Un significato esistenziale
Ciò fa emergere, inoltre, un significato complessivo della vicenda, che ha a che fare con la relazione tra il rivolgersi a Gesù e gli obiettivi reali della vita. Sembra evidente che sia inutile interpellare Gesù per obiettivi che non si confanno a ciò che è essenziale nella vita. Semplicemente perché Gesù non aiuta in ciò che poi risulta nocivo.
Tale constatazione fa emergere la domanda di fondo: quali sono gli elementi che persegui nella tua vita? Una domanda ancor più radicale potrebbe essere: in che modo vivi? Si può vivere la vita cercando il godimento («riposa, mangia, bevi, rallegrati»): questo movimento cerca per sé. Si tratta comunque di un accumulo. Si può vivere la vita, però, anche cercando di dare agli altri, in un movimento che trova la propria realizzazione nel fare del bene all’altro.
L’uno e l’altro movimento sono certamente iscritti nel concetto di vocazione, che è l’orizzonte nel quale ognuno concepisce la propria vita. Ed è proprio questo l’orizzonte per il quale va interpellato Gesù. Il vangelo ci dice che chi trova questa dimensione avrà «in sovrappiù» tutto il resto che gli serve per vivere. Forse, proprio chi non riflette abbastanza sulla sua vocazione, sul suo posto nel mondo, sarà portato ad accumulare solamente per sé. E a chiedere a Gesù circa questioni impertinenti. E a ricevere risposte di diniego, che non sono rifiuto, ma espressione dell’amore di un padre che non desidera l’infelicità del Figlio. Ma per comprender questo bisognerà ancora una volta avere fede… dando maggior credito alla sua Parola che ai nostri pensieri e desideri.

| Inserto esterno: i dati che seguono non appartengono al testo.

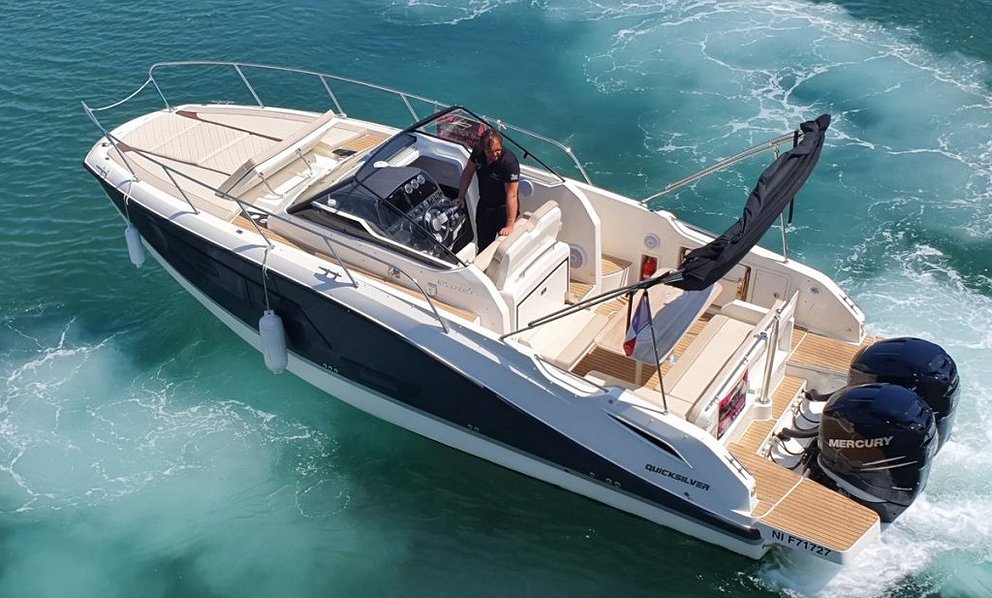 QUICKSILVER 875NSUNDECK de Lizard Boats en Ibiza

3. Alcune domande per riflettere
- Mi capita di pregare Gesù in modo impertinente (cioè non conforme a quella che è la sua predicazione nel vangelo)? Cosa gli chiedo di impertinente?
- In quale rapporto stanno i beni terreni con lo scopo/gli scopi della mia vita?
- Ho mai messo in discussione gli obiettivi della mia vita scoprendo che la preghiera per essi non produce risultati? Ho mai pensato a quanto siano “evangeliche” le realtà che ricerco?
- Si può vivere la vita in diversi modi, ma due sono i principali: cercando il godimento («riposa, mangia, bevi, rallegrati») per sé oppure cercando di dare agli altri. In quale dei due modi si configura una “vocazione”? Qual’è la mia vocazione?